1. A classification model learning apparatus for learning a classification model for extracting a particular event from a text having both a text and information on the existence or nonexistence of the particular event, comprising:

an evaluation unit configured to evaluate the existence or nonexistence of the particular event for a plurality of learning texts having both a text and information on the existence or nonexistence of the particular event by applying an event related expression for evaluating the existence or nonexistence of the particular event to each learning text of the plurality of learning texts;

an extracting unit configured to extract a learning text in accordance with the existence or nonexistence of the particular event evaluated by the evaluation unit; and

a learning unit configured to learn a classification model based on the learning text extracted by the extracting unit.

2. The apparatus according to claim 1, further comprising a storing unit for storing the classification model learnt by the learning unit.

3. The apparatus according to claim 1, further comprising;

a first storing unit configured to a plurality of learning texts each possessing the text and information of existence or nonexistence of the particular event; and

a second storing unit configured to store event related expressions for extracting a particular event from the learning text;

wherein, the evaluation unit evaluates the existence or nonexistence of a particular event for the learning text by applying event related expressions stored in the second storing unit to each of the plurality of learning texts included in a group of learning texts stored in the first storing unit.

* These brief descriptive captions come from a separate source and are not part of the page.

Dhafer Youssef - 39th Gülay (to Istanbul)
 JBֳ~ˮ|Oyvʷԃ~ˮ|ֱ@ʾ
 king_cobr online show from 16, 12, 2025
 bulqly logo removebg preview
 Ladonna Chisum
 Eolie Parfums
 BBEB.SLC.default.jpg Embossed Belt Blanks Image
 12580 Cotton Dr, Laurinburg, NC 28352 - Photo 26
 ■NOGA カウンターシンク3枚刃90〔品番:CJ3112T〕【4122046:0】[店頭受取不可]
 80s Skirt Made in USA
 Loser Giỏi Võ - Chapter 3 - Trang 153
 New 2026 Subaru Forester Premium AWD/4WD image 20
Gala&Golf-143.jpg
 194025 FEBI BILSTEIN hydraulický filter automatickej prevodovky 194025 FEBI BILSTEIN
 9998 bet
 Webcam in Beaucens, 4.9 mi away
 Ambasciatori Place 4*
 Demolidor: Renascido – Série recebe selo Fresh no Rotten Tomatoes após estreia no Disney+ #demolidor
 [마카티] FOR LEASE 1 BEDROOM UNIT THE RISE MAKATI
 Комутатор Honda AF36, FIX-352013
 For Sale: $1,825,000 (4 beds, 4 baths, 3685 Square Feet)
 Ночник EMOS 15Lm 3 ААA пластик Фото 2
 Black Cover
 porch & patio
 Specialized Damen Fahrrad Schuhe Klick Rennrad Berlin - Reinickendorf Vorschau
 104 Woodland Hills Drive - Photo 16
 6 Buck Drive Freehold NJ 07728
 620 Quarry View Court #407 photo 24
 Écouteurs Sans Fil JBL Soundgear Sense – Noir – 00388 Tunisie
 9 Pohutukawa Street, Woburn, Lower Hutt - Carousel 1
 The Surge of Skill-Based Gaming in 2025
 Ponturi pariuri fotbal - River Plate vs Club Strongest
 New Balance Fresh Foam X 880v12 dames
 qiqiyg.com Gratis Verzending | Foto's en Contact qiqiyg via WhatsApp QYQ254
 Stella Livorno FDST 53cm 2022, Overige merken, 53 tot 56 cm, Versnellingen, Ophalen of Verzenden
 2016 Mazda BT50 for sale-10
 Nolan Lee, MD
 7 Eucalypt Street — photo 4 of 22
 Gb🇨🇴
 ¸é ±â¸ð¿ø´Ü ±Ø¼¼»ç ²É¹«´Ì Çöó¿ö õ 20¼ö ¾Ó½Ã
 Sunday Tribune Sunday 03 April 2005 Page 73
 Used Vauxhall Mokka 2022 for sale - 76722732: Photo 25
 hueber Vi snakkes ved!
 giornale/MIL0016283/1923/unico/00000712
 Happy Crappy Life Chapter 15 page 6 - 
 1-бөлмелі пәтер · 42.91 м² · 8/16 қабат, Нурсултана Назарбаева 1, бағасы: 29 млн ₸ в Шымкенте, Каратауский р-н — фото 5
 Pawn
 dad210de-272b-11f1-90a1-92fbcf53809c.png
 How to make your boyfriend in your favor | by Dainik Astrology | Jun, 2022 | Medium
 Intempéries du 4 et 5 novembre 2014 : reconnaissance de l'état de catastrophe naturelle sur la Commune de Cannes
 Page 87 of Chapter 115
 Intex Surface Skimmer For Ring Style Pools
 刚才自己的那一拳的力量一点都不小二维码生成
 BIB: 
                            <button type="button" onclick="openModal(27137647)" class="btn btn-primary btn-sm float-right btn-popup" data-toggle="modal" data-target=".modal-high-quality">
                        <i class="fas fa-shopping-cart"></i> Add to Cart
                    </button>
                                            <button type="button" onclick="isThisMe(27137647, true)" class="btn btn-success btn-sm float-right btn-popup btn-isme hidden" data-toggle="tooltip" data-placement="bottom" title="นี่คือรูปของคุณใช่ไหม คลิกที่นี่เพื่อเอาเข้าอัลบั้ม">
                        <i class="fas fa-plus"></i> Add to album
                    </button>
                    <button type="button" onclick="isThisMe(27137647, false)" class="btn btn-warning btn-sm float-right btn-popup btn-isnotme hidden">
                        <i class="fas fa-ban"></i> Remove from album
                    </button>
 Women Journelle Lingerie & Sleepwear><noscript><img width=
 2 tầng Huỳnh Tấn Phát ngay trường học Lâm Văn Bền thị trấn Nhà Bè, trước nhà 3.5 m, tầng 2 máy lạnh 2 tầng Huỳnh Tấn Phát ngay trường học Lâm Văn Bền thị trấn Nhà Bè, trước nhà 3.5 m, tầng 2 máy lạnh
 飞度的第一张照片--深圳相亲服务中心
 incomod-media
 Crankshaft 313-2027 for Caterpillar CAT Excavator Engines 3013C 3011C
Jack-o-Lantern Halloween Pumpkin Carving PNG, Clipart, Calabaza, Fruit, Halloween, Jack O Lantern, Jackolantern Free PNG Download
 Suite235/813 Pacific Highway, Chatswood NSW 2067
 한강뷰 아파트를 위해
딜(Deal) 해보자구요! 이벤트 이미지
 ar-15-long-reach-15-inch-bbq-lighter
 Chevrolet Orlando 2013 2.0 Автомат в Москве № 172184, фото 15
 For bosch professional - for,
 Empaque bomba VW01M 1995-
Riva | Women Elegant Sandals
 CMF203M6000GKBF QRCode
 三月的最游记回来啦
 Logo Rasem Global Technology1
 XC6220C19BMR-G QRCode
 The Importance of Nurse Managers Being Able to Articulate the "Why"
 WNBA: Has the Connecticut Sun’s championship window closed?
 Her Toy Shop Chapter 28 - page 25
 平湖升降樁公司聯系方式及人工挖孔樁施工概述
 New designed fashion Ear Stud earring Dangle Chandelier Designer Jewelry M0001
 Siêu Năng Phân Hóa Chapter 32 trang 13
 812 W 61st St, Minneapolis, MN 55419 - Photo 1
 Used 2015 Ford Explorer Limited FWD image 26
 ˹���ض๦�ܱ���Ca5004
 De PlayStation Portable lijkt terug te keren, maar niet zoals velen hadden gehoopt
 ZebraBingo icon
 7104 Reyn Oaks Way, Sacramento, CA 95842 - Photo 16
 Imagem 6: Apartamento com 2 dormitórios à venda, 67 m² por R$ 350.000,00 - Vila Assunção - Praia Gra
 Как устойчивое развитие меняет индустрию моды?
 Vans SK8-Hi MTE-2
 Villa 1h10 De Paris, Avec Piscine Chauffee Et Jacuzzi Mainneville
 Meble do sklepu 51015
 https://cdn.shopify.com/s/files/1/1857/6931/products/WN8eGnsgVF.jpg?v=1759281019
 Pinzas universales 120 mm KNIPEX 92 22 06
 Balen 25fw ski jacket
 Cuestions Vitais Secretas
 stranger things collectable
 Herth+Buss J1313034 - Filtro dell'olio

4. The apparatus according to claim 1, further comprising a second evaluation unit configured to evaluate the existence or nonexistence of an event for the text by applying a text desired to be evaluated the existence or nonexistence of an event to a classification model learnt by the learning unit.

5. The apparatus according to claim 4, further comprising a storing unit configured to store the text desired to be evaluated the existence or nonexistence of an event by the second evaluation unit.

6. The apparatus according to claim 1, wherein the learning unit learns a classification model of a tree structure form from learning texts including an event and those not including an event by using a text mining method.

7. A classification model learning method for learning a classification model to extract a particular event from a text comprises;

evaluating the existence or nonexistence of a particular event for a plurality of learning texts having both a text and information on the existence or nonexistence of the particular event by applying an event related expression for evaluating the existence or nonexistence of the particular event to each of the plurality of learning texts;

extracting a learning text in accordance with the existence or nonexistence of the particular event evaluated by the event related expression evaluation unit; and

learning a classification model based on the extracted learning text.

8. A program for learning a classification model to extract a particular event from a text comprises;

evaluating the existence or nonexistence of a particular event for a plurality of learning texts having both a text and information on the existence or nonexistence of the particular event by applying an event related expression for evaluating the existence or nonexistence of the particular event to each of the learning texts of the plurality of learning texts;

extracting a learning text in accordance with the existence or nonexistence of the particular event evaluated by the event related expression evaluation unit; and

learning a classification model based on the extracted learning text.